● Work to be completed
Can you quote exactly the stretch of lines from the one with "Протоколът на президента" through the final line of the material, both ends included?

○ ○ ○ ○ ○

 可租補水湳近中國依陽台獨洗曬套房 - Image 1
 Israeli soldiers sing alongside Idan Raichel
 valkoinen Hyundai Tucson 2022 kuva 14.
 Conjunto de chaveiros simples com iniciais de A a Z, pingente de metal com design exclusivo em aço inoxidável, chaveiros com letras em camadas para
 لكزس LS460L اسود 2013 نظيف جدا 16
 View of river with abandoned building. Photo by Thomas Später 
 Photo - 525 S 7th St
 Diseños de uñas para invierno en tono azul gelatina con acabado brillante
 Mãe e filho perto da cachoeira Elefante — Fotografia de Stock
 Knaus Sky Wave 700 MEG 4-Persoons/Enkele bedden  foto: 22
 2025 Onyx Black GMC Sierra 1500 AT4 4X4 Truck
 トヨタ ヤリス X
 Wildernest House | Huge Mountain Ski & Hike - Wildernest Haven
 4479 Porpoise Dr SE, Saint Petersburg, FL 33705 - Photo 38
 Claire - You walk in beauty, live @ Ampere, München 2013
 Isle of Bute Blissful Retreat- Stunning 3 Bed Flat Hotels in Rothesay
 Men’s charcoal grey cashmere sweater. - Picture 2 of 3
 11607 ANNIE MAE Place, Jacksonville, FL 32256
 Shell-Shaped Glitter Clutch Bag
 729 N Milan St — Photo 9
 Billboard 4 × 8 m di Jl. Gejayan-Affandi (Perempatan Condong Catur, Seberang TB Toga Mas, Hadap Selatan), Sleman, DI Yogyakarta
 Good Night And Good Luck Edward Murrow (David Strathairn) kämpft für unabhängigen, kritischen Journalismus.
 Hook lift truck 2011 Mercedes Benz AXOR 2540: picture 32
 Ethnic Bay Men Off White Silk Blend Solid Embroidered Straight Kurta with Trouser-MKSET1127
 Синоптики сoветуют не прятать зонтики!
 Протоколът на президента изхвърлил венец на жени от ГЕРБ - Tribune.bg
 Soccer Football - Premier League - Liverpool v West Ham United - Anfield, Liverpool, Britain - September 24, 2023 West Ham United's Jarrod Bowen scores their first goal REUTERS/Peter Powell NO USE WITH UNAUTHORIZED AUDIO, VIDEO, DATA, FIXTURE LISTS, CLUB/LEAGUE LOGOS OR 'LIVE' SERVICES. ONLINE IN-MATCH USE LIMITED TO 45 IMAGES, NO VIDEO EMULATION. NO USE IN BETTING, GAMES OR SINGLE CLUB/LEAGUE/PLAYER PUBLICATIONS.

○ ○ ○ ○ ○

● Completed exercise
 Протоколът на президента изхвърлил венец на жени от ГЕРБ - Tribune.bg
 Soccer Football - Premier League - Liverpool v West Ham United - Anfield, Liverpool, Britain - September 24, 2023 West Ham United's Jarrod Bowen scores their first goal REUTERS/Peter Powell NO USE WITH UNAUTHORIZED AUDIO, VIDEO, DATA, FIXTURE LISTS, CLUB/LEAGUE LOGOS OR 'LIVE' SERVICES. ONLINE IN-MATCH USE LIMITED TO 45 IMAGES, NO VIDEO EMULATION. NO USE IN BETTING, GAMES OR SINGLE CLUB/LEAGUE/PLAYER PUBLICATIONS.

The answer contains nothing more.